Australasian College for Emergency Medicine
- Abbreviation: ACEM
- Formation: 1981; 45 years ago
- Headquarters: Melbourne, Australia
- Region served: Australia and New Zealand
- Staff: 95 (2019)
- Website: acem.org.au

= Australasian College for Emergency Medicine =

Australian and New Zealand organization

The Australasian College for Emergency Medicine (ACEM), based in Melbourne Australia, is the not-for-profit organisation responsible for training emergency physicians and advancement of professional standards in emergency medicine in Australia and New Zealand. The College is recognised by the Australian Medical Council and Medical Council of New Zealand as such and provides services for approximately 2700 Fellows and 2600 Trainees.

==Role==
As an educational institution, ACEM's prime objective is the training and examination of specialist emergency physicians for Australia and New Zealand. ACEM was established in 1981, incorporated in 1984, and with Foundation Editor George Jelinek began publishing "Emergency Medicine in Australasia" in 1989. On the 8th of August 1993 the Australian Minister for Health approved the recognition of emergency medicine as a principal specialty, making it one of the youngest medical specialties in Australia. In New Zealand, emergency medicine was recognised as a medical specialty in November 1995.

Its principal role is oversight of emergency medicine specialist training through the setting of standards and administration of assessment to ensure that trainees meet these standards. Admission to Fellowship of the Australasian College for Emergency Medicine requires satisfactory completion of a minimum of seven years of post-graduate medical training, including multiple examinations and presentation of a research project (or equivalent coursework). Maintenance of Fellowship requires ongoing professional training as evidenced by the Continuing Professional Development (CPD) program which the College also administers.

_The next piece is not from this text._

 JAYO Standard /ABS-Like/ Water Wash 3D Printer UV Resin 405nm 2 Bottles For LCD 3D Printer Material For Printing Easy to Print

ACEM has a wide range of subsidiary objectives relating to emergency department accreditation, policies and standards for the emergency medical system, teaching and research, publication, and those aspects of the medico political framework that have a direct impact on health outcomes for emergency patients.

==Criticism==
In late January 2017, ACEM was publicly criticised for passing only 6.8% of non-white applicants whereas 88% of white caucasians passed in one particular batch. A lecturer at the college, Associate Professor Dr Bob Dunn of Royal Adelaide Hospital was reported as responding that overseas trained doctors lacked the training to meet Australian requirements, relying on rote learning. They needed "tough love", he said. Some medical professionals pointed out many of the “non-white” doctors were born and bred in Australia, but still found themselves facing minuscule pass rates. The college initiated an inquiry through an expert advisory group chaired by Dr Helen Szoke to look into the matter. The terms of reference from the college stated that "Discrimination has no place in the College and its role in emergency medicine training and education. The College recognises that discrimination can have a serious impact on those affected by it: it demeans the worth of individuals; it prevents our people from reaching their true potential; and it causes the loss of highly desirable talent from our profession. The College accepts readily its responsibility to eliminate discrimination in its processes."